Aanklacht ingediend 15 juni 1997 over de berichtgeving in de eerste week van april 1997
Likoed Nederland heeft zich regelmatig gestoord aan de onjuiste berichtgeving in De Telegraaf over Israel door correspondent Hans Kuitert.
De hoofdredactie van De Telegraaf heeft een aantal onjuistheden toegegeven.
In de eerste week van april 1997 bereikte de berichtgeving echter een nieuw dieptepunt.
Tevens bleek Likoed Nederland na onderzoek dat er iemand in De Telegraaf ‘geciteerd’ werd die daar niets van wist, niet geinterviewd was en wie woorden in de mond werden gelegd die hij nooit gezegd heeft. Het betrof de Israelische Amerikaan Harry Wall, directeur van het Israel bureau van de Anti Defamation League.
Nadat de hoofdredactie van De Telegraaf op onze brieven daarover niet meer wilde reageren besloot Likoed Nederland tot een aanklacht bij de Raad voor de Journalistiek (zie onderstaand dossier ‘Hans Kuitert’)
De Raad voor de Journalistiek oordeelde op 1 december 1997 als volgt:
Beoordeling van de klacht
De Raad is van oordeel, dat het de vereniging Likoed Nederland ontbreekt aan het vereiste belang bij een uitspraak van de Raad. In de overgelegde artikelen uit De Telegraaf komt weliswaar een aantal onjuistheden voor, maar deze acht de Raad niet van dien aard dat Likoed Nederland daardoor in een eigen belang wordt getroffen. De Raad onthoudt zich derhalve van een oordeel over de klacht van Likoed Nederland Ten aanzien van de klacht van de heer H. Wall, die wel als rechtstreeks belanghebbende wordt aangemerkt, overweegt de Raad het volgende.

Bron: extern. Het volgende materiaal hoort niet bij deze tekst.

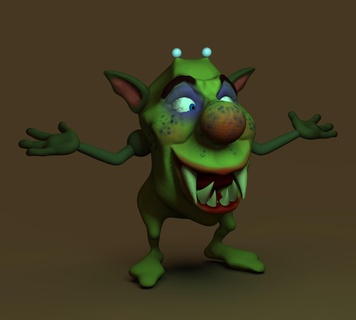 monstre vert personnage extraterrestre dessin animé modèle 3d print model - Mito3D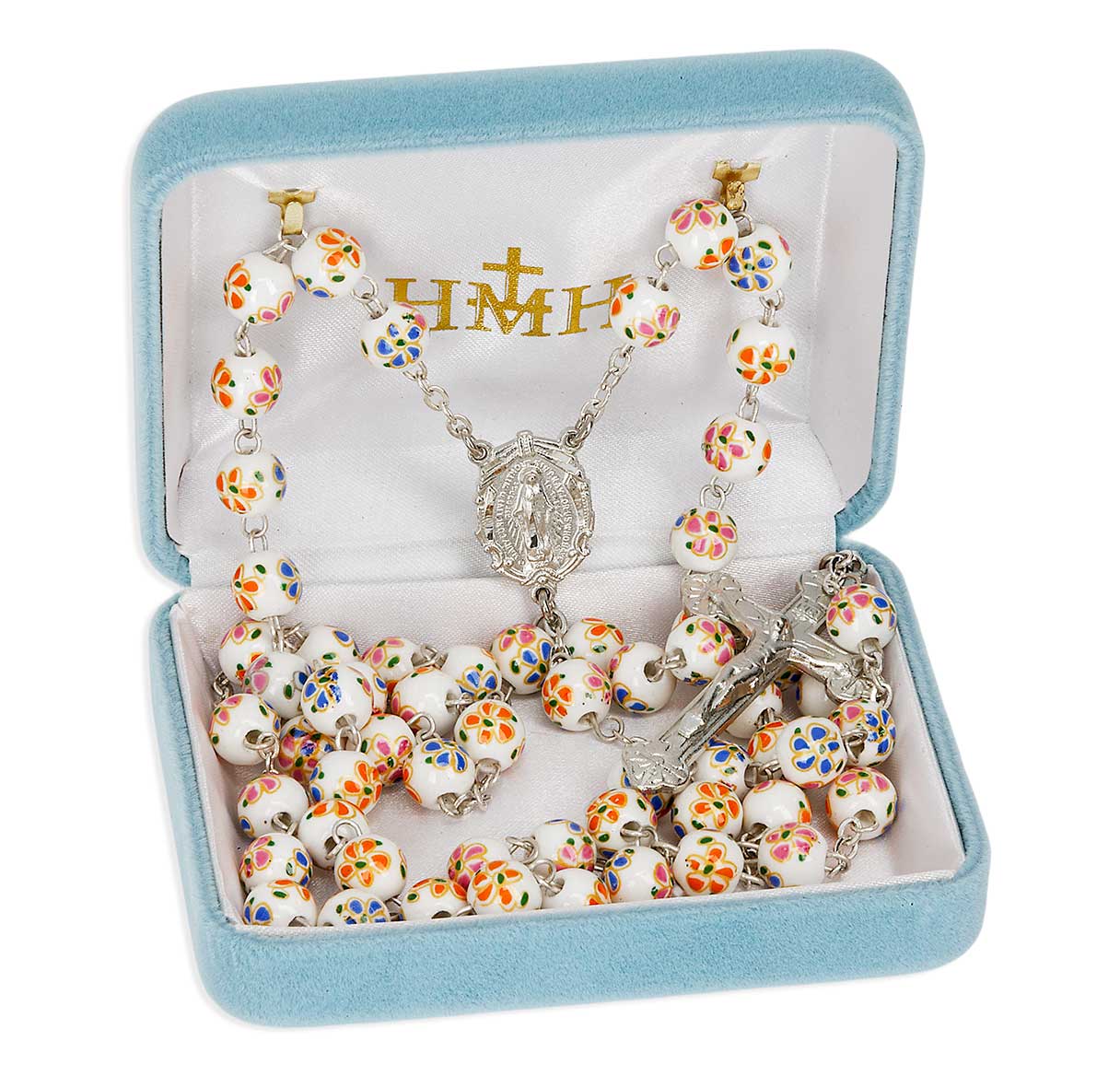 8mm White/Orange Porcelain Bead Rosary W/ Pewter Silver Plated and Engraved Ctr & Cfx-(P28113B/P116B)-Bxd
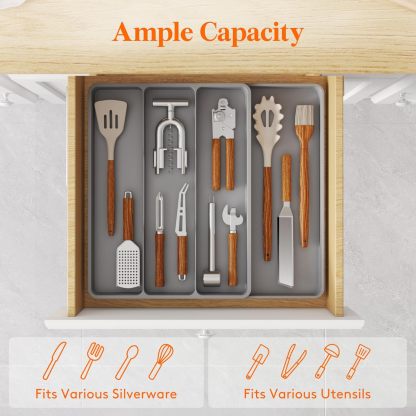 Utensil Drawer Organizer, Expendable Cooking Silverware Tray for Kitchen Drawer, Adjustable Cutlery Flatware Holder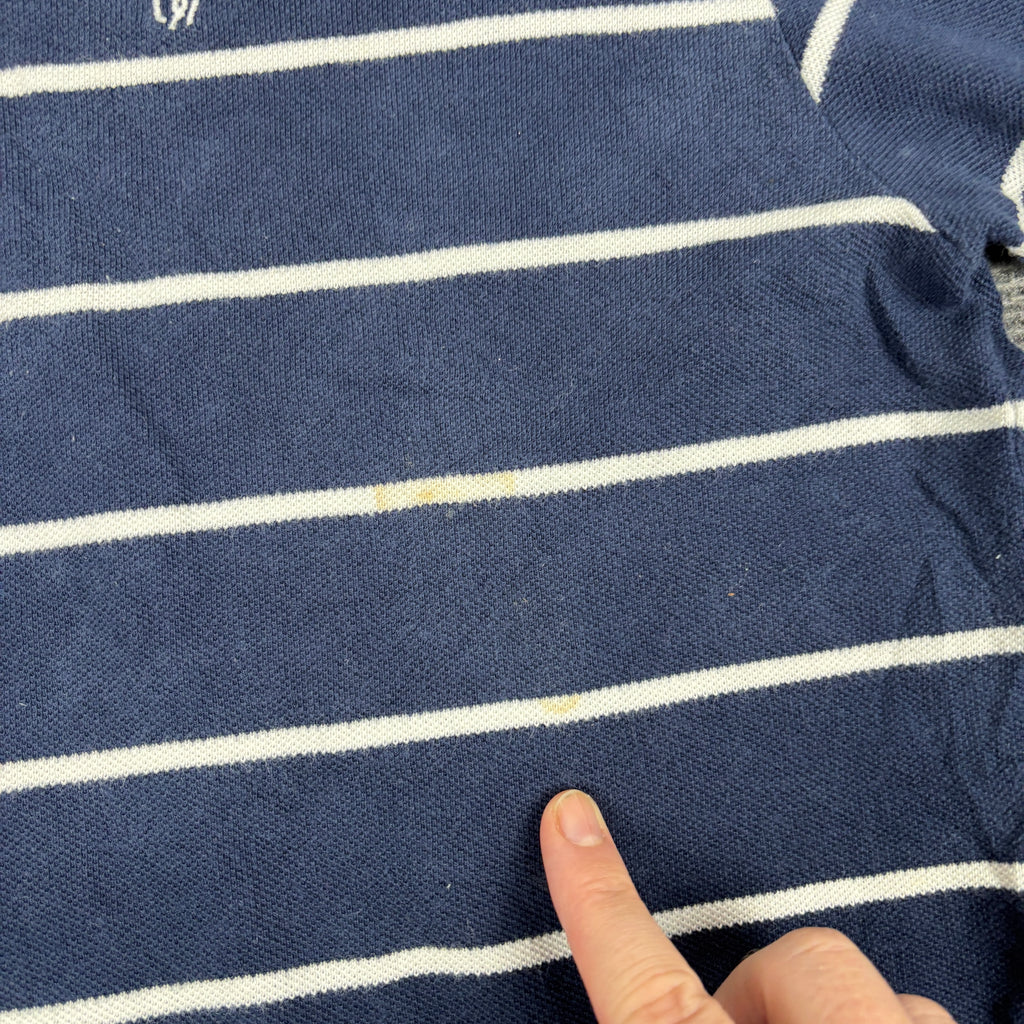 Vintage Polo Ralph Lauren Polo Shirt 90s Men's M Blue White Striped Small Pony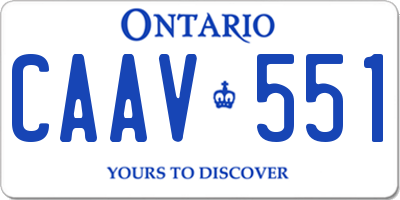 ON license plate CAAV551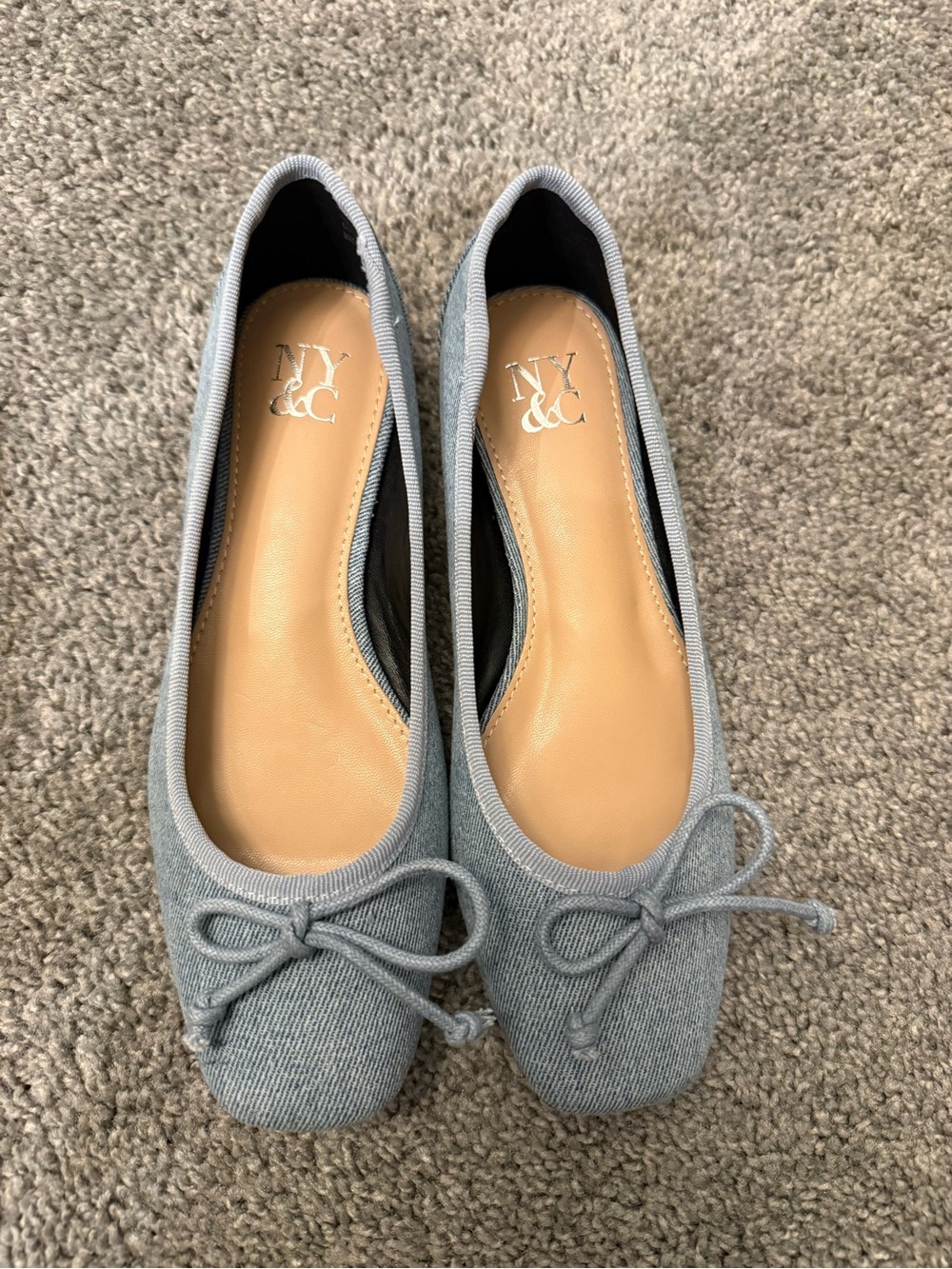 NY&C Paulina Womens Square Closed Toe Ballet Flats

Uit de overlegde stukken kan de Raad niet zonder meer afleiden dat er sprake is van een onjuist citaat. Uit de berichtgeving in ‘Wall Street Journal’ en ‘Reuters’ blijkt onvoldoende dat de heer Wall het tegengestelde heeft beweerd van hetgeen als citaat in De Telegraaf is gepubliceerd.
Beslissing:
De Raad onthoudt zich van een oordeel over de klacht van Likoed Nederland en acht de klacht van de heer H. Wall ongegrond.
De Raad verzoekt betrokkene deze beslissing integraal of in samenvatting in De Telegraaf te publiceren.
Reactie Likoed Nederland:
Het belangrijkste is uiteraard dat de Raad het met Likoed Nederland eens is dat in slechts één week berichtgeving van De Telegraaf over Israel een aantal onjuistheden voorkomen. Daarover zijn wij bijzonder verheugd.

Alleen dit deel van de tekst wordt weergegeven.